Dziś 33-latek, który dla "Królewskich" strzelił dwie bramki, a w reprezentacji Holandii U-21 zdobył siedem goli, jest bankrutem. Tak zadecydował niedawno sąd w Bremie, ogłaszając upadłość konsumencką zawodnika. Drenthe miał stracić około 3,5 miliona euro. Dziś gra w trzecioligowym klubie holenderskich rozgrywek - Kozakken Boys.
"Jesteśmy w trakcie rozmów z 33-letnim Holendrem Roystonem Drenthe odnośnie jego ewentualnego transferu do Victorii Cisek. Były piłkarz między innymi Realu Madryt przebywa obecnie w Holandii. Wkrótce poinformujemy o dalszych rezultatach, które mamy nadzieję będą pozytywne" - napisał LKS Victoria Cisek na swoim koncie na Twitterze w nocy 5 grudnia.
W jednej z odpowiedzi pod twittem pojawił się kolejny wpis ciseckiego klubu informujący, że to ogłoszenie bankructwa przez Holendra było impulsem do powzięcia starań na ściągnięcie go do Ciska. Z tej transakcji płynąłby profit dla każdej ze stron. "On (pomógłby - red.) nam wizerunkowo, my mu w życiu" - czytamy na Twitterze klubu występującego w drugiej grupie opolskiej okręgówki. Jesienną rundę zakończył na przedostatnim miejscu w tabeli z 13 punktami na koncie.

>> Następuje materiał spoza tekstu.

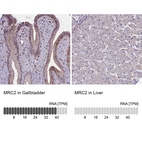 Anti-MRC2 Antibody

Nie ulega wątpliwości, że gdyby sława i pieniądze nie miały złego wpływu na Drenthe, dziś znajdowałby się w zupełnie innym miejscu. Szansa, jaką otworzyłoby przez ciseckim klubem pozyskanie znanego nazwiska, byłaby nie do przecenienia. Byłby to kolejny podobny przypadek w Polsce. Przykładem jest choćby Dawid Janczyk. Ten były reprezentant Polski, zawodnik CSK Moskwa, Legii Warszawa czy Piasta Gliwice dziś występuje w LZS Piotrówka - klubie na tym samym poziomie, co Victoria. Jest i portugalski skrzydłowy i napastnik Fabio Paim, który grał w barwach Sportingu Lizbona i Chelsea, a od 2020 r. reprezentuje IV-ligowy LZS Starowice Dolne.
Skontaktowaliśmy się 6 grudnia z prezesem LKS Victoria Cisek Adrianem Nidą. - Szczegółów na razie nie chcemy zdradzać. Więcej informacji podamy w najbliższy wtorek lub środę - poinformował nas prezes Nida.